The script will print out a directory to which it has written visualizations of both parse depths and parse distances as predicted by a distance probe and a depth probe. You'll also see demo.tikz, which is a bit of LaTeX for the tikz-dependency package. With tikz-dependency in the same directory as your LaTeX file, you can plop this bit of LaTeX in a figure environment and see the minimum spanning tree it constructs.
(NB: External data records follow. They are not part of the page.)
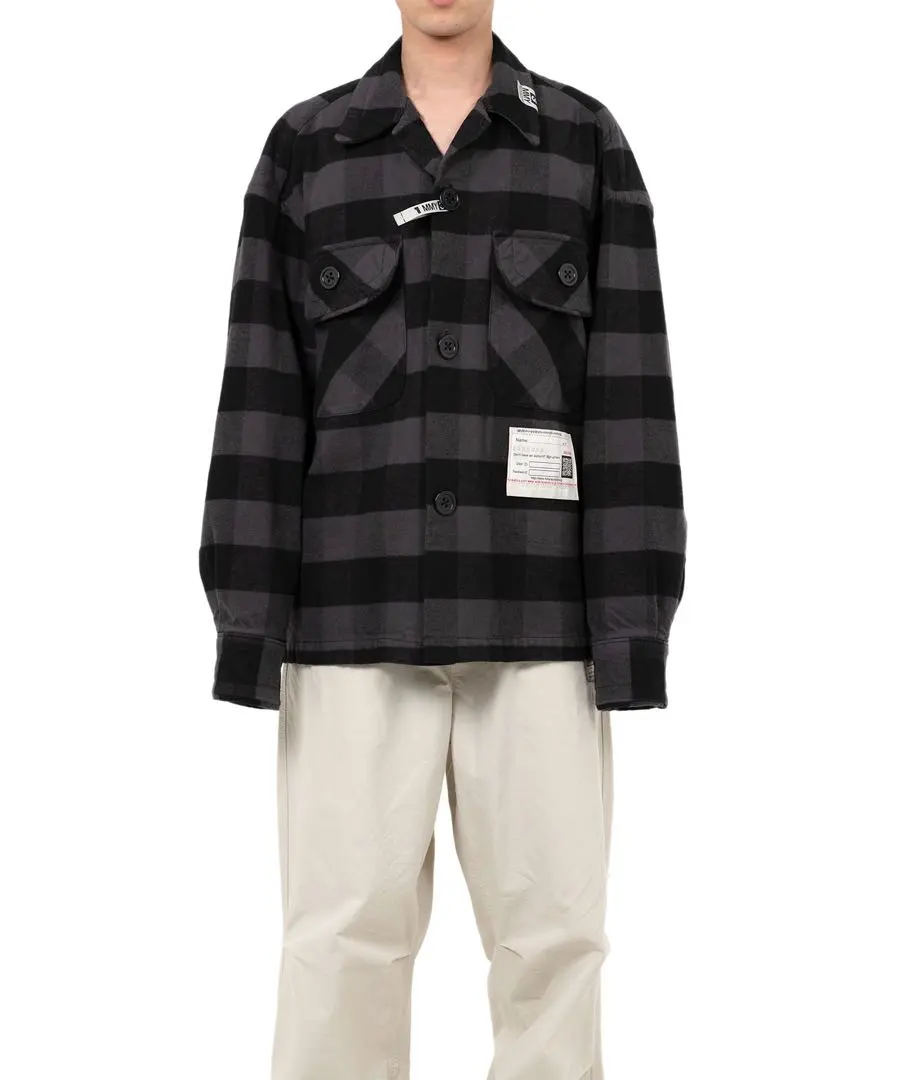 2026年最新】MAISON MIHARA YASUHIRO ネルシャツの人気アイテム - メルカリ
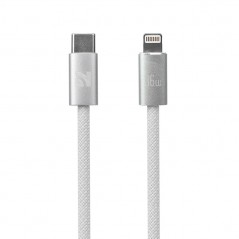 NCC Cavo di Ricarica da USB C a Lightning XC 0112 36W 1 2m Bianco
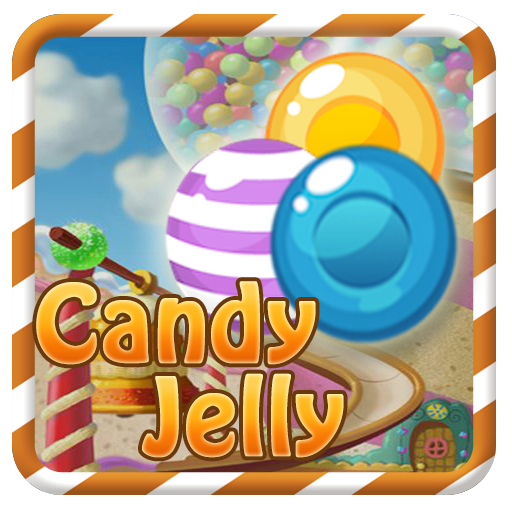 Candy Smasher Sugar Crush Jelly Beans Game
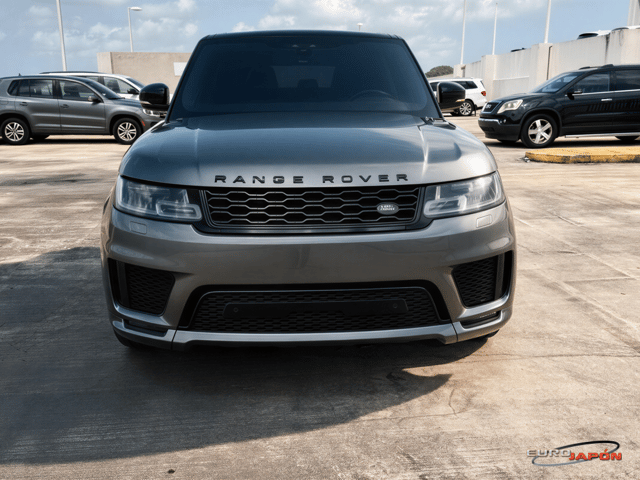 2018 Land Rover Range Rover Sport HSE Dynamic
It'd look a bit like this:

\documentclass{article}
\usepackage{tikz-dependency}
\usepackage{tikz}

\pgfkeys{%
/depgraph/reserved/edge style/.style = {% 
white, -, >=stealth, % arrow properties                                                                            
black, solid, line cap=round, % line properties
rounded corners=2, % make corners round
},%
}
\begin{document}
\begin{figure}
  \centering
  \small
  \begin{dependency}[hide label, edge unit distance=.5ex]
    \begin{deptext}[column sep=0.05cm]
      The\& chef\& who\& ran\& to\& the\& stores\& is\& out\& of\& food \\
    \end{deptext}                                                                                                                                                                                                                           
    \depedge[edge style={red}, edge below]{8}{9}{.}
    \depedge[edge style={red}, edge below]{5}{7}{.}
    \depedge[edge style={red}, edge below]{4}{5}{.}
    \depedge[edge style={red}, edge below]{1}{2}{.}
    \depedge[edge style={red}, edge below]{6}{7}{.}
    \depedge[edge style={red}, edge below]{9}{10}{.}
    \depedge[edge style={red}, edge below]{10}{11}{.}
    \depedge[edge style={red}, edge below]{3}{4}{.}
    \depedge[edge style={red}, edge below]{2}{4}{.}
    \depedge[edge style={red}, edge below]{2}{8}{.}
  \end{dependency}
\end{figure}
\end{document}

Which results in a PDF with the following:

A predicted parse tree for the sentence 'The chef who ran to the stores is out of food'

Note that your text should be whitespace-tokenized! If you want to evaluate on a test set with gold parses, or if you want to train your own structural probes, read on.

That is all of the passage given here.